Aby Warburg y Walter Benjamin acompañan a Kafka en la construcción laberíntica de sus respectivas obras. Los proyectos inconclusos de la Mnemosyne de Warburg y de los Pasajes de Benjamin son imágenes de una visión abierta y laberíntica de la cultura. Cuando en este momento me refiero a la cultura como trazado laberíntico, lo hago tomando en consideración que el estudio, las investigaciones y las asociaciones de correspondencias que se establecen entre símbolos, imágenes y diferentes disciplinas de la cultura, siguen un proceso en el que las ideas se suceden y entrelazan tomando al laberinto como imagen de creación. El pensamiento tampoco es una línea recta. Las reflexiones que se realizan sobre distintos motivos o argumentos son recorridos en el estudio del laberinto personal y necesario que entrelaza, en cada uno de nosotros, los hechos del arte y la cultura con los mismos hilos de nuestro cotidiano vivir. He construido un laberinto donde me muevo con certezas y desorientación. Recorro un dédalo de lecturas tras la imagen, la palabra, la intuición que se transforma en escritura, laberinto agazapado en un lugar de mi silencio, siempre a la espera de la palabra que lo haría posible. He erigido un laberinto con lentitud, curiosidad y atención; allí me pierdo, allí deambulo, allí me encuentro. Estudiar e investigar es adentrarse en diseños laberínticos en los que la cultura misma es alma y mano abierta palpando memorias en trazos, palabras y gestos. Mnemosyne y los Passagenwerk no podían sino ser trabajos inacabados, siempre en el proceso de estar continuamente haciéndose. La muerte de sus autores, Warburg y Benjamin, no truncó sus respectivos proyectos; ellos llevaban la condición de “inconclusos” en la génesis y configuración de la mirada detenida que en ellos estaba haciendo obra.

Mnemosyne y los Passagenwerk acompañan mis caminatas murmurando fragmentos de memorias y recuerdos entre los recodos del laberinto veneciano. Mis pisadas acallan sus ecos mientras escucho los rumores del agua verde de la laguna susurrando con tonos pausados la voz oculta que da ritmo a mis pasos. En las noches de frío el misterio del laberinto de Venecia y de su silencio es aún más secreto. Entonces es dédalo sagrado cubriendo las piedras y el agua con un hálito, que es tanto confusión como resplandor, abriéndose más allá de la penumbra y el vapor. La sabiduría es necesaria no sólo para recorrer el laberinto y llegar al Centro, sino también y sobre todo para lograr el segundo nacimiento.17 Venecia es laberinto de extravío, camino de creación. En su trazado irrepetible encontramos lo que no buscábamos, buscando lo que no encontramos.

En Parsifal a Venezia Giuseppe Sinopoli, músico y veneciano de nacimiento, recorre una noche las calles de su ciudad con la misma costumbre con que lo hiciera de muchacho: perdiéndose y descubriendo posibilidades nuevas de recorrido en el laberinto de Venecia. Al terminar uno de los ensayos del “Parsifal” de Wagner que estaba por estrenar, Sinopoli sale del Teatro La Fenice escuchando dentro de sí la música del Leitmotiv del Error. Una vez afuera abandona la costumbre de las calles conocidas y camina por desviaciones inusuales entre las que se desorienta. Se pierde y desea perderse, como si la música de Wagner lo hubiese embrujado... como si ésta fuera cómplice del escenario nocturno de ciudad sugiriéndole una salida o una respuesta18.

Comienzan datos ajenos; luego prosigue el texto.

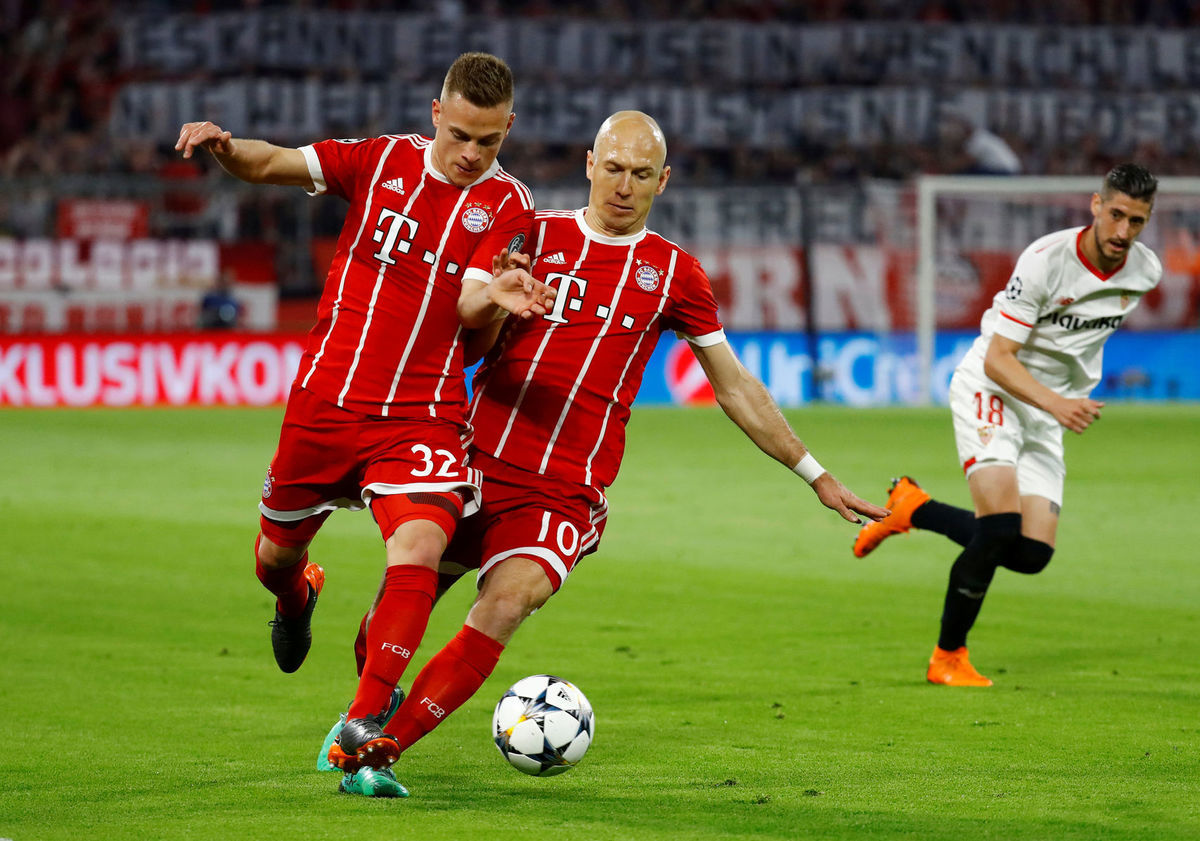 Arjen Robben a Joshua Kimmich z Bayernu počas...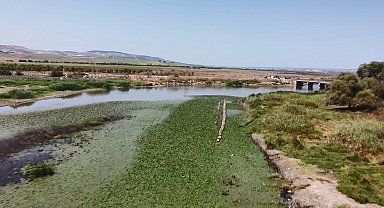 İstanbul - Büyükçekmece Baraj Gölü'nde su seviyesi düştü; tarihi Çakmak Hattı ortaya çıktı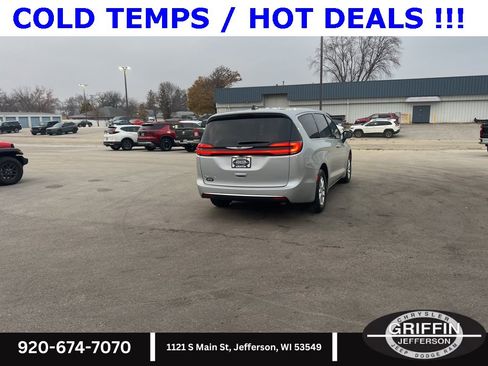 New 2026 Chrysler Pacifica Select image 9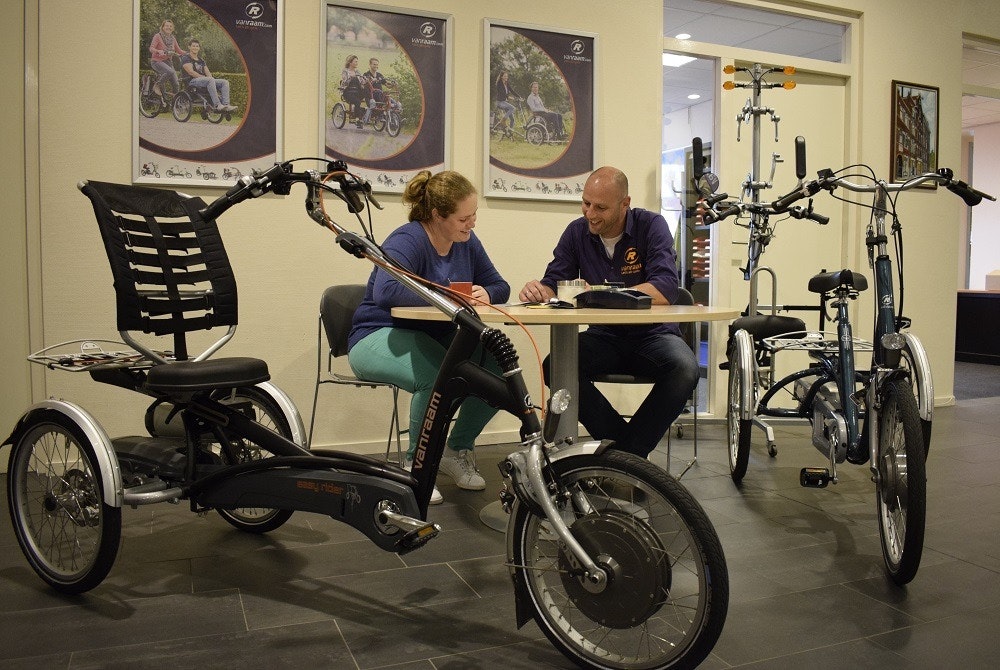 Fahrrad ausprobieren im Van Raam Austellungsraum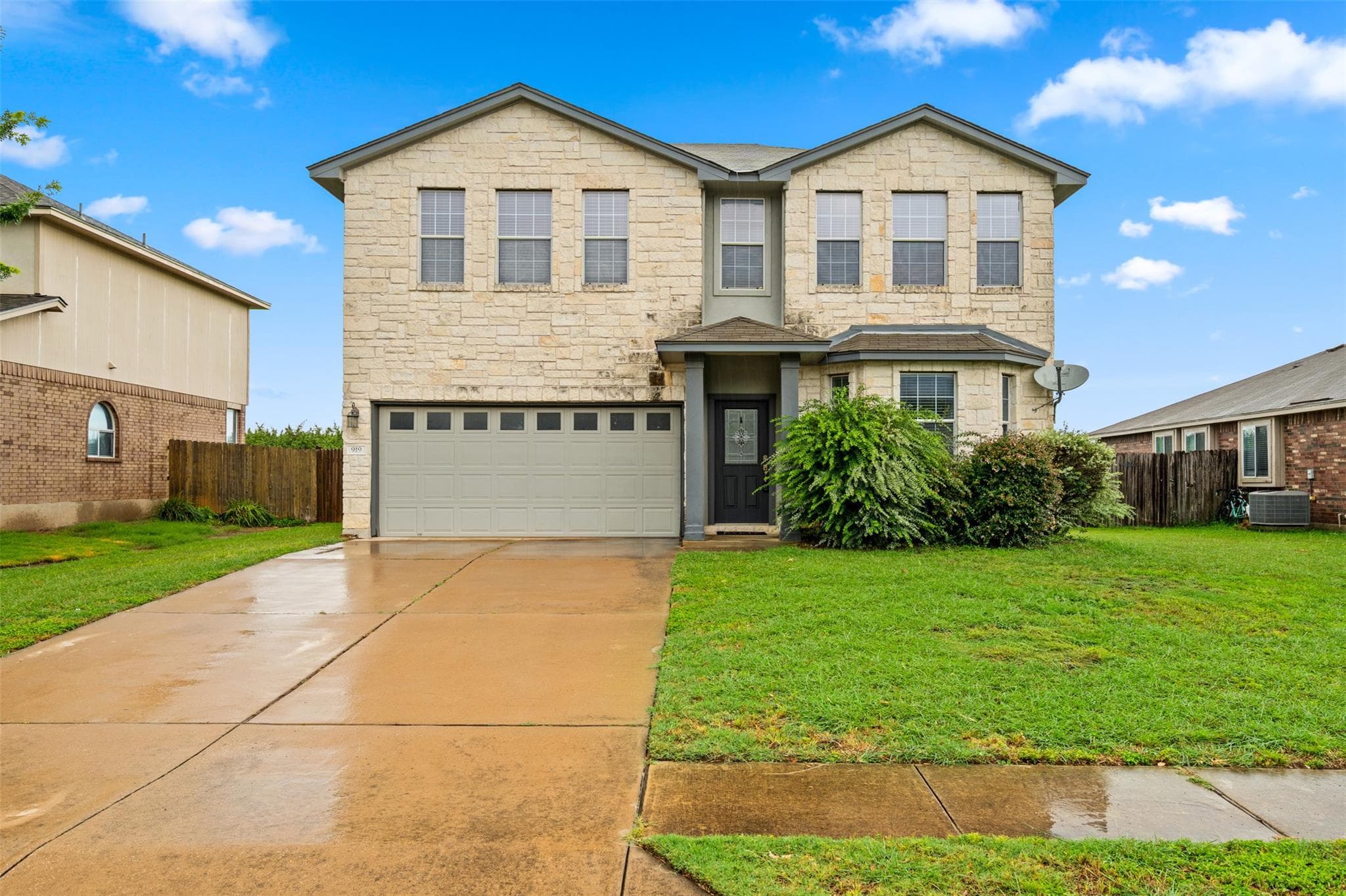 919 Washburn Dr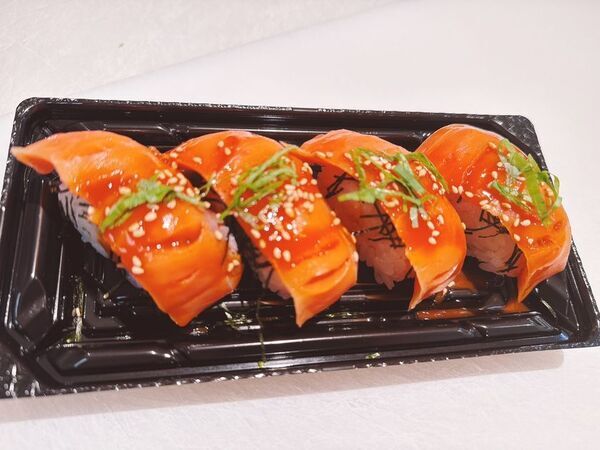 ＼これでもか！サーモンづくしのサーモン・銀鮭まつり！／駿河湾沼津サービスエリア下り線「おさかな丼屋 とと丸」で秋の“サーモン・銀鮭”メニューを11/30(日)まで限定販売！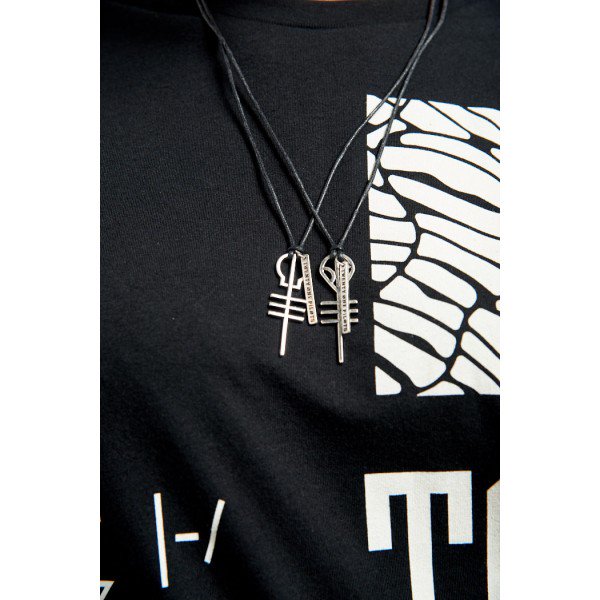 twenty-one-pilots-giveaway-skeleton-alien-necklaces
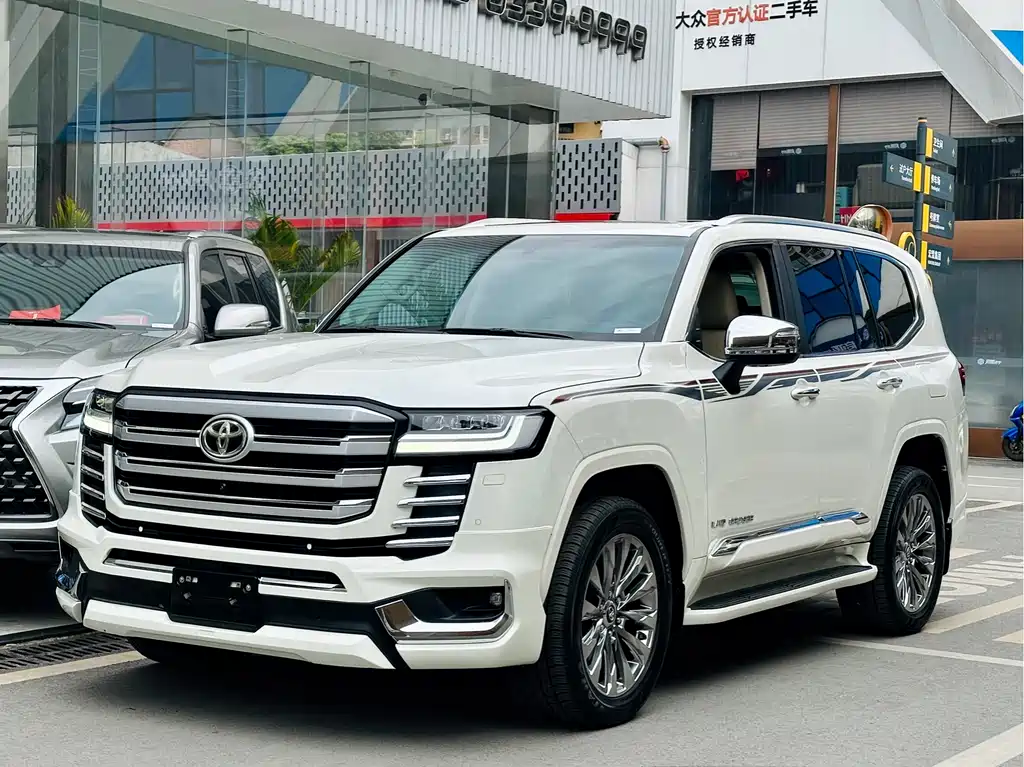 Toyota Land Cruiser 2025 — фото 1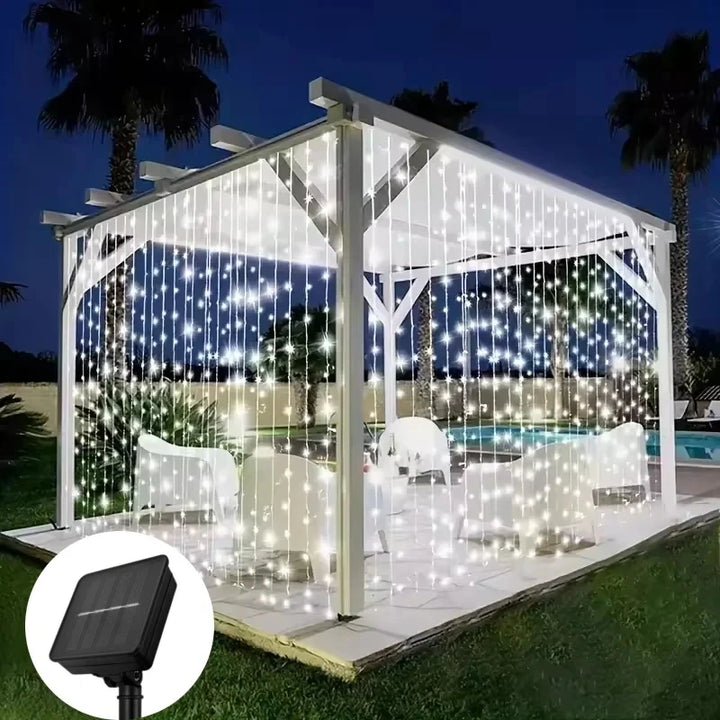 🎁 Solar Curtains: The Glow of Your Sustainable Christmas!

La experiencia del laberinto es un deambular entre sombras con un frágil hilo entre las manos que podemos perder, que nos puede abandonar, que se puede romper. Este hilo lo tejemos y destejemos siguiendo el diseño íntimo de nuestra necesidad. Para unos es música, poesía o colores de un atardecer de otoño reflejándose en unos ojos verdes. Para otros, el hilo es contemplación, mirada detenida en el crepúsculo descendiendo en la laguna veneciana con la lentitud del jade y la miel.

La salida del laberinto es una intuición que escucha palpando en el miedo y la oscuridad. Es la palabra que el agua de los canales de Venecia no suprime cuando sube la marea.